The other major character in the book is Apurba, also a member of Pather Dabi, who is described as a contemptible figure. Emotional and impressionable, Apurba grieves at the colonial rule. He is, however, also weak, timid, and venal. A scene in the book depicts him being humiliated at a railway station by white youth. His obsession with caste purity even during illness and danger is depicted with contempt. Eventually, Apurba becomes a police informer. The main narrative in the book follows Apurba with Sabyasachi appearing unexpectedly, and disappearing as mysteriously.

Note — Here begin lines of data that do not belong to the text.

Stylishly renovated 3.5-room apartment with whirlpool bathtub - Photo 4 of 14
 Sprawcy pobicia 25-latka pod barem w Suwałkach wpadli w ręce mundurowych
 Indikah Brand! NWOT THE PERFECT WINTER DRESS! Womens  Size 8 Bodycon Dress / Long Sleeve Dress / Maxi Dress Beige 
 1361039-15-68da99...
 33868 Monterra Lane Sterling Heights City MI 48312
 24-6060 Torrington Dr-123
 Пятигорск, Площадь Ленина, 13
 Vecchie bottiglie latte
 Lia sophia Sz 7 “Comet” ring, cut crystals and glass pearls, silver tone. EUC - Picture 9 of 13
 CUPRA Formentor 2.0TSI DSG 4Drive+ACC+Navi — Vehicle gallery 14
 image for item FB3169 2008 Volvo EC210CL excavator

One reason why Apurba becomes disenchanted with Pather Dabi is that its members do not respect Hindu orthodoxy so he becomes a police informer of the British. Sabyasachi does not believe in the caste system, and towards the end of the book pleads for the destruction of “all that is eternal (sanatan), ancient, and decaying–[in] religion, society, tradition” on the ground that these are “enemies of the nation.”


Other important characters in the novel are Sumitra and Bharati, who work alongside men in defiance of the traditional social conventions of the day. Sumitra is described as being beautiful and intelligent, besides being a nationalist. In the book, Sumitra makes an impassioned argument for why it is appropriate for a woman to leave a loveless marriage.